Of course most of you know this, but there are two groups who are vulnerable.
First Group at Risk : There are some of us who write, study, teach, and live inside our heads creating ideas and interacting with ideas – so much so that this cerebral world becomes more important than flesh and blood. I’ll confess to you that this world sometimes feels safer than the messiness of relationship, so I’ve sometimes chosen isolation far too readily. I’m repenting now…and regretting what I’ve missed.
Second Group at Risk: The rest of you. You’re the ones who are better and texting than talking. Better at facebook than face to face. Better at virtual reality than real reality. You’re on the bus not talking to people. You’re in bed not talking with your spouse. You’re eating in front of a screen. You’re failing to understand that eye contact, activities together, and actual contact face to face and heart to heart is the life for which you’re created. You’ve traded that richness in for a fake world, a highlight reel that’s void of vulnerability, authenticity, and human touch.

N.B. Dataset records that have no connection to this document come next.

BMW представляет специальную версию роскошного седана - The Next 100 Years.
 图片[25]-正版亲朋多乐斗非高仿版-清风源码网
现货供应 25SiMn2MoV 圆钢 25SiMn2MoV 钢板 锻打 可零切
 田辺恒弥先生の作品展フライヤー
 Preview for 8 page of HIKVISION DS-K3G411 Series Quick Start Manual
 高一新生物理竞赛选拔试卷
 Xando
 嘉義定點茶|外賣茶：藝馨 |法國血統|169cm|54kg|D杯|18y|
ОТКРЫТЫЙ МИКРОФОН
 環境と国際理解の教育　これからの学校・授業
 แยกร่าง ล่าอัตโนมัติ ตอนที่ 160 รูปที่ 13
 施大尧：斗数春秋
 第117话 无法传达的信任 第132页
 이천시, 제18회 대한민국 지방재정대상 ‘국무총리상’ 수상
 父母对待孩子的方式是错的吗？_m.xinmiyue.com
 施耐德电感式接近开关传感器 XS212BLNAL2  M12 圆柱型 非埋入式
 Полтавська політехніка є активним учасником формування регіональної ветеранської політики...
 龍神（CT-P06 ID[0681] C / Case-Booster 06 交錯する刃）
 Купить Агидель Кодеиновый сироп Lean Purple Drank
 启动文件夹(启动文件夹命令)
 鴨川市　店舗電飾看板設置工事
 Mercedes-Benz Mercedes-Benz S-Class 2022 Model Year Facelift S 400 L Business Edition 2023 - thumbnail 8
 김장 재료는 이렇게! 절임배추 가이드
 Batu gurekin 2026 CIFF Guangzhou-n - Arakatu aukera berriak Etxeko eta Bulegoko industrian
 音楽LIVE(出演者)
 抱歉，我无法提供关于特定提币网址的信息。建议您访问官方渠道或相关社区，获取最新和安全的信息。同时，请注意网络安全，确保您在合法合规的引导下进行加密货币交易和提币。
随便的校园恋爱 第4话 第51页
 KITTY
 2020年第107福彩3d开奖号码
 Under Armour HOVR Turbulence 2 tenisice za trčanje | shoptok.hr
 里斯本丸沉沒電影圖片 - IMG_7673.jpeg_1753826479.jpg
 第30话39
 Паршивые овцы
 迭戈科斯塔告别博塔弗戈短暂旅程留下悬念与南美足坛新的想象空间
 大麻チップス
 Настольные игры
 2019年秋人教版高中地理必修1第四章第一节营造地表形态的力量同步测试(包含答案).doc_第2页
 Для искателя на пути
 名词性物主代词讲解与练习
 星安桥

That birthday gift of skiing with neighbors was more than just fun. It rocked my world, calling me to repent of isolation, especially my isolation painted over with the thin spiritual veneer of solitude, or commitments to health. Posh. I’m praying I’ll spend the rest of my days investing much more intentionally in loving my neighbors, blessing and serving, being in the thick of the laughter, shared burdens, and shared joys that comes from being part of a tribe.
Thanks Georgia and Elizabeth. Best. Birthday. Ever.